In a single morning Americans also rediscovered the Hellenic idea that it is not wars per se that are always terrible but the people—Hitler, Tojo, Stalin, Saddam Hussein, and bin Laden—and their repugnant ideas who start them. In this present conflict, the -isms and -ologies of radical Islamic fundamentalism that have infected millions can be shown to be bankrupt only by their complete repudiation, which tragically must come out of military defeat, subsequent humiliation, and real personal costs for all who embrace them. Only that way can both adherents and innocents alike learn the wages of allowing their country to be hijacked by agents of intolerance.

Even we in the supposedly enlightened West may also relearn—from fighting rich and educated terrorists—that conflicts can often arise not out of real but rather out of perceived grievances—or, as the Greeks taught us, out of old-fashioned but now passé ideas such as hatred, envy, fear, and self-interest. The agitators for secession were not the millions of poor and non-slaveholding Southern whites who lived hand to mouth, but the few plantation owners whose antebellum cotton sales had made them among the wealthiest people in the history of civilization. Japan had as many people and as little land in 1941 as it does now but a very different perception then of its own grievances, national rights, and imperial destiny.

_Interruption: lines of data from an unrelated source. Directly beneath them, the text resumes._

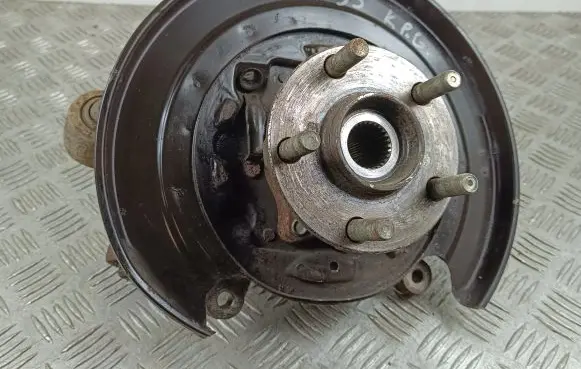 Subaru XV Rear wheel hub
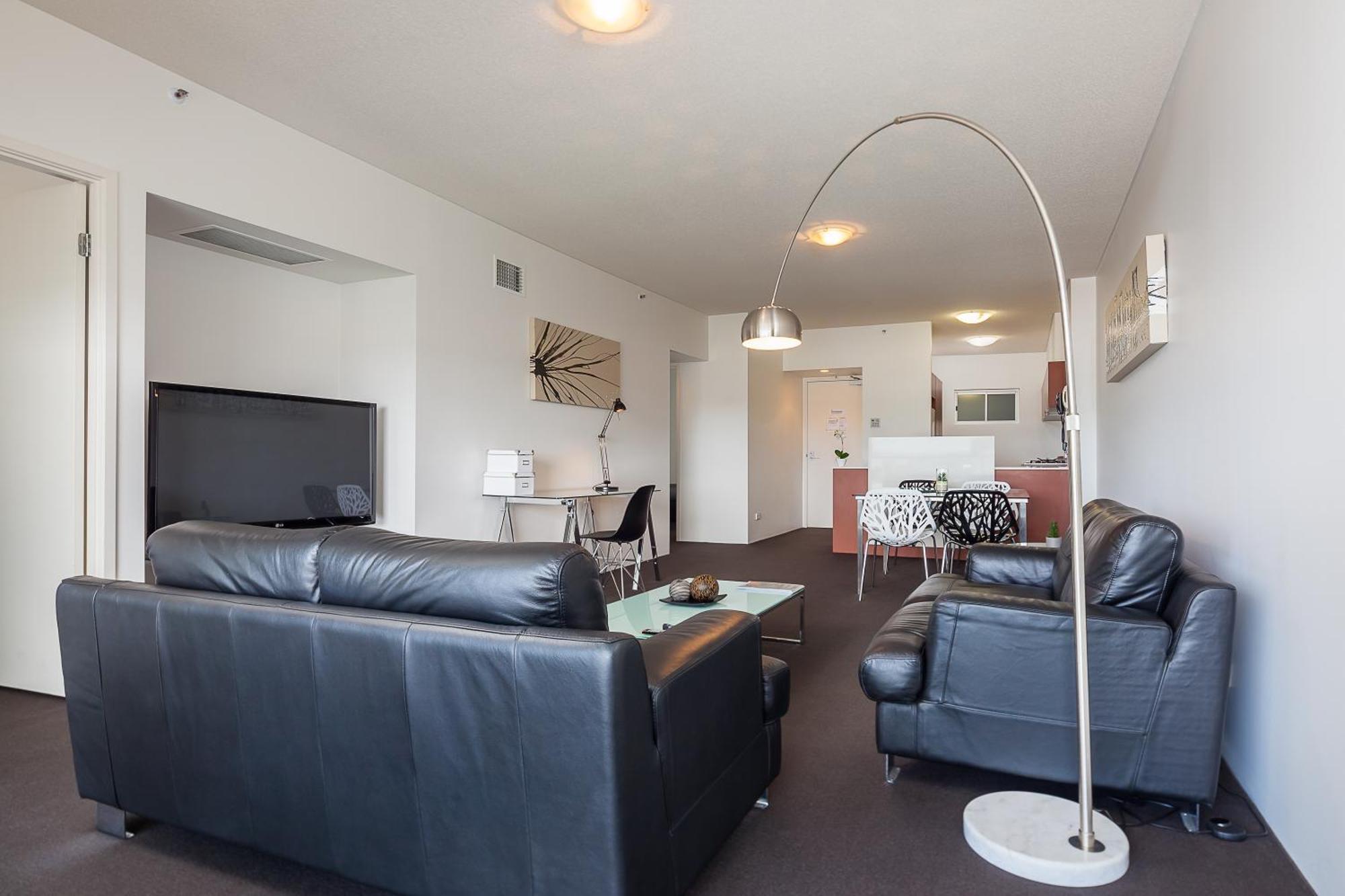 Oxygen Apartments Brisbane Eksteriør bilde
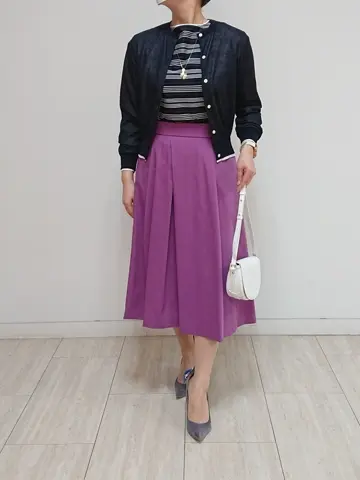 組曲 ウエノ コーディネート画像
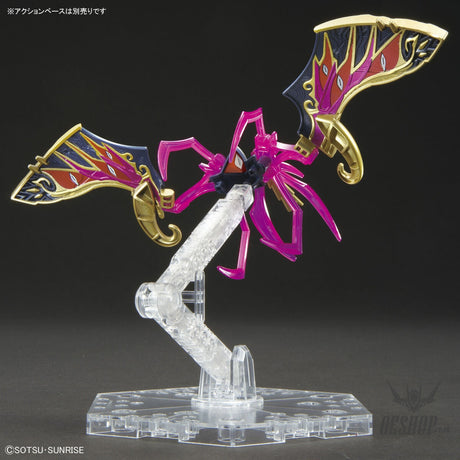 SDW HEROES 24 Warlock Aegis Gundam Scale Model Kits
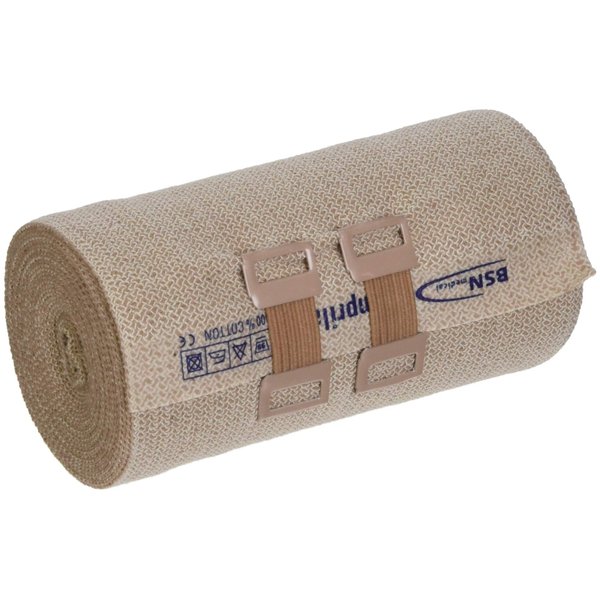 BSN Medical Comprilan Compression Bandage, 3.9" x 16.4', Single roll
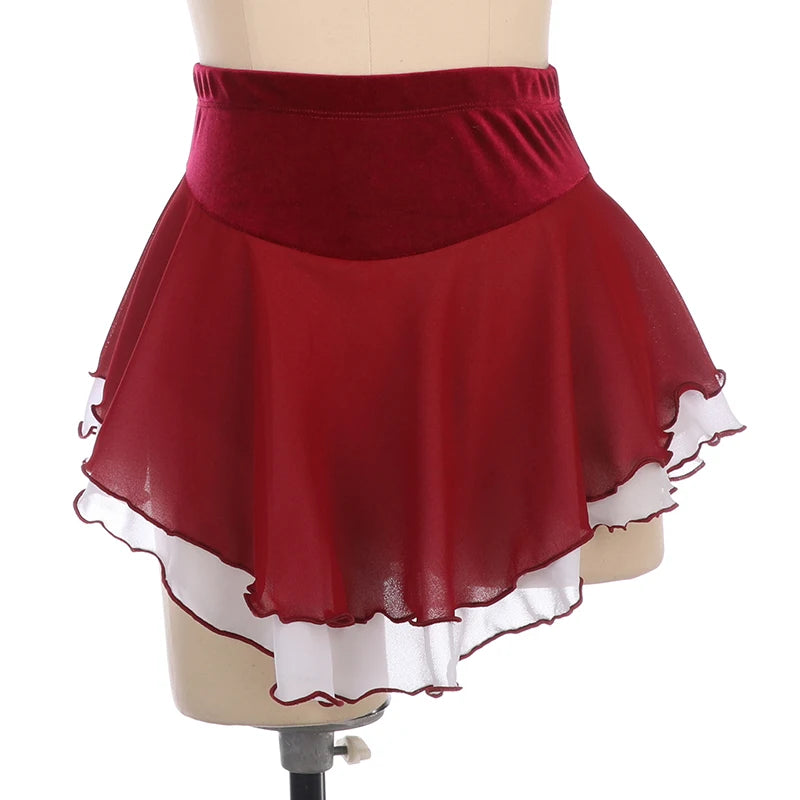 Men's Skating Training Suit Warm Nylon Jacket And Pants Set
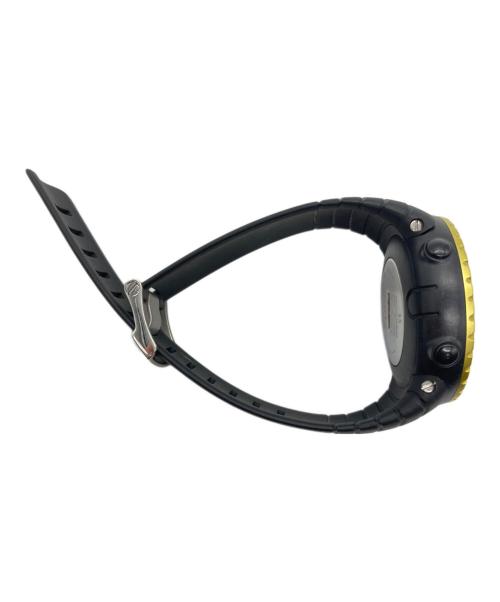 SUUNTO（スント）SUUNTO (スント) CORE BLACK YELLOW ブラックの古着・服飾アイテム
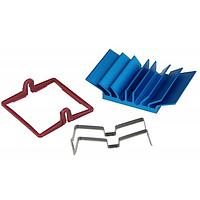 Trenz Electronic 29665 maxiFLOW Heat Sink SuperGrip ສໍາລັບ Trenz Electronic MPSoC Modules TE0803 ແລະ TE0813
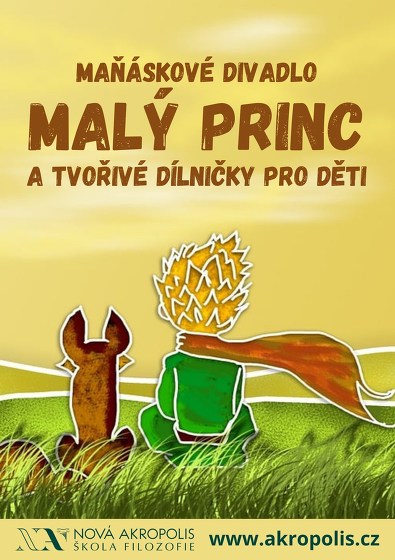 Plakát události Malý princ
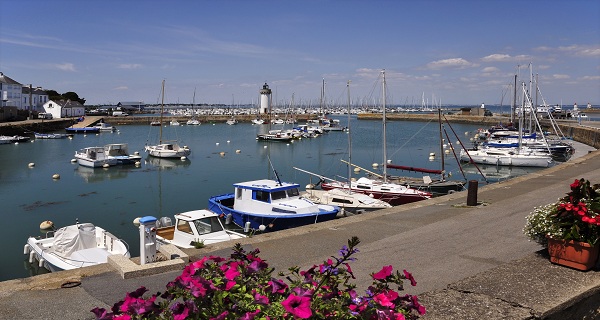 port de Haliguen 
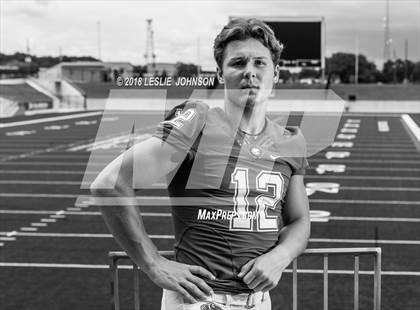 Thumbnail 1 in Katy (Preseason Early Contenders Photo Shoot)  photogallery.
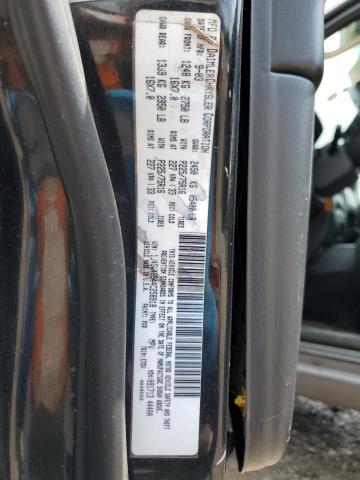 1J4GW48S44C258918 - 2004 JEEP GRAND CHER LAREDO 黑色 照片 13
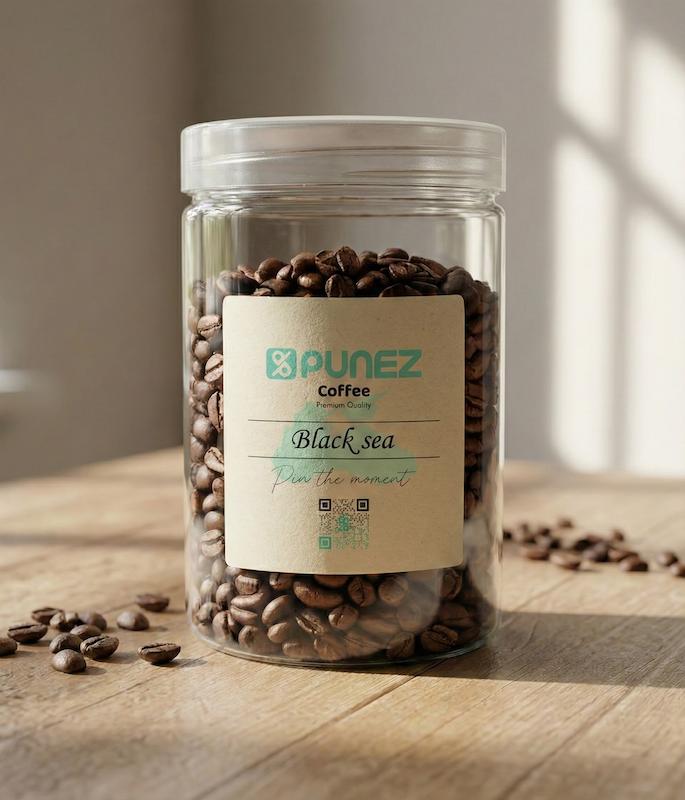 ٪۸۰ عربیکا - دریای سیاه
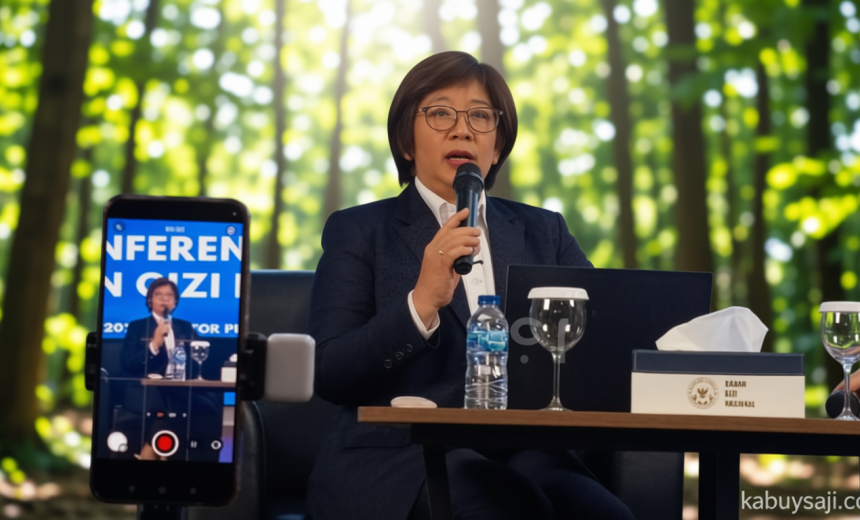 BGN Umumkan 5 Pejabat Baru yang Ditunjuk Langsung Presiden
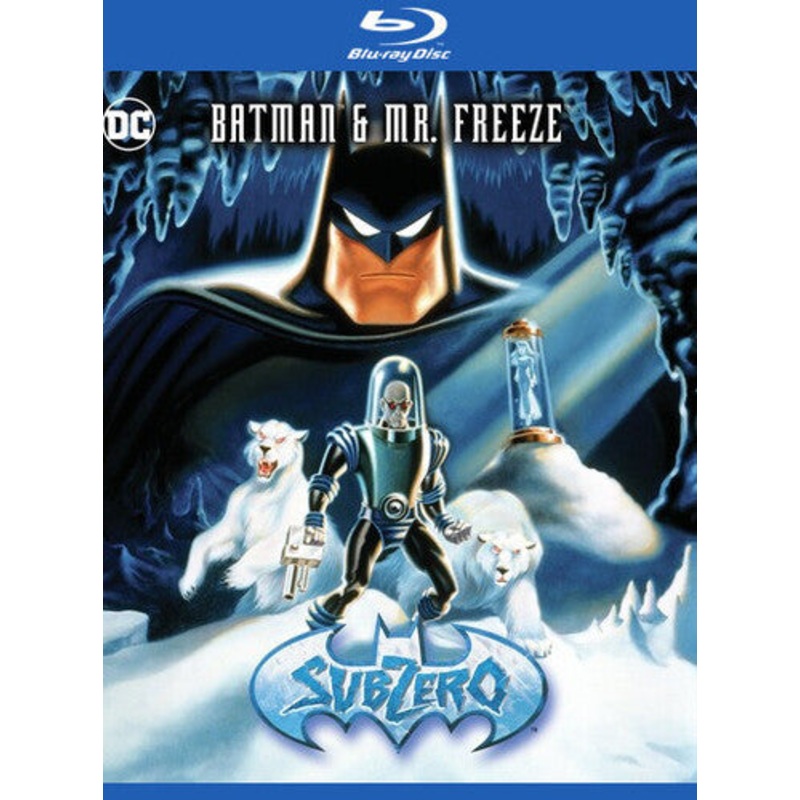 Batman & Mr. Freeze: Subzero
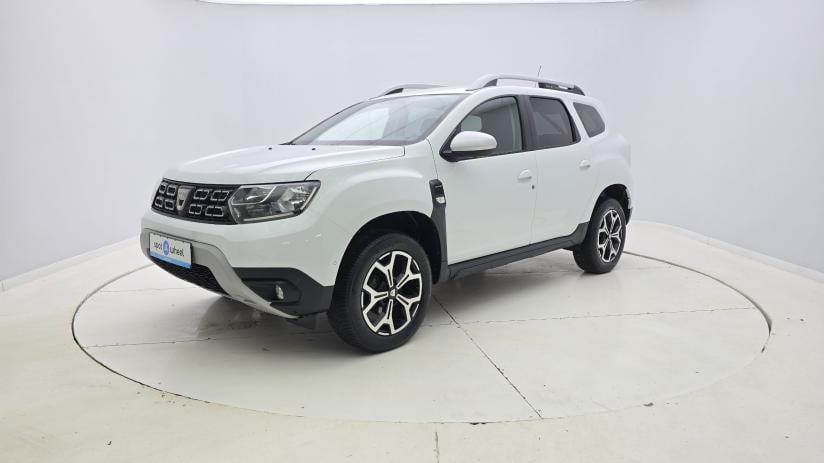 2020 Dacia Duster 1.5 BluedCi Prestige 4WD -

People and their leaders may go to war not because their bellies ache with hunger but because they believe that they may otherwise lose—or not augment—the sizable fortune, influence, or real power they hold.

The terrorists of Al Qaeda, like the Japanese militarists, attacked America not simply out of being poor, exploited, abused, or maladjusted but perhaps as much out of loathing, trepidation, and resentment of the West. That fact in and of itself seemed somewhat a refutation of the entire twentieth-century confidence in the assertions of social science: that man’s nature is not absolute, unchanging, and timeless but simply a construct of his contemporary environment and (often pathological) upbringing. After September 11, we were reminded that our own prosperous and peaceful era, not history’s long
centuries, was the true aberration in its denial of an unchanging human character driven by timeless passions and appetites.

Other than the distant bombing and hundred-hour ground war in the Gulf during a few days in 1991, and isolated actions in Grenada, Panama, Somalia, Bosnia, and Kosovo, we have been mostly at peace from real organized killing for 30 years and so have forgotten in a brief generation that, since the birth of civilization, entire worlds have changed, both abruptly and insidiously, in minutes once thousands fall to the fire and explosions unleashed by others. Americans are startled at pronouncements that “nothing is the same after September 11,” dumbfounded that their own comfortable and relatively predictable worlds have now changed—and will continue to be different for years to come. But if history demonstrates that Lexington and Concord, Fort Sumter, and Pearl Harbor all turned America into a different nation in a matter of minutes, why should we now be any less immune from the far greater bloodletting on September 11? If our understanding of Greek tragedy, art, philosophy, politics, and war was changed by a relatively obscure battle at Delium, why would not the destruction of the World Trade Center and the bombing of the Pentagon not similarly alter American culture?

Anonymous millions have had their lives altered in ways we cannot grasp for centuries, as a single battle—with all its youth, confined space, and dreadful killing—insidiously warps the memory of the friends and families of the fallen, twists the thoughts and aspirations of the veterans of the ordeal, and abruptly ends the accomplishments of the dead. In that sense the ripples of battle are also immune from and care little for what people write and read, in or outside the dominant West. They simply wash up on us all as we speak and in ways that cannot fully be known until centuries after we are gone.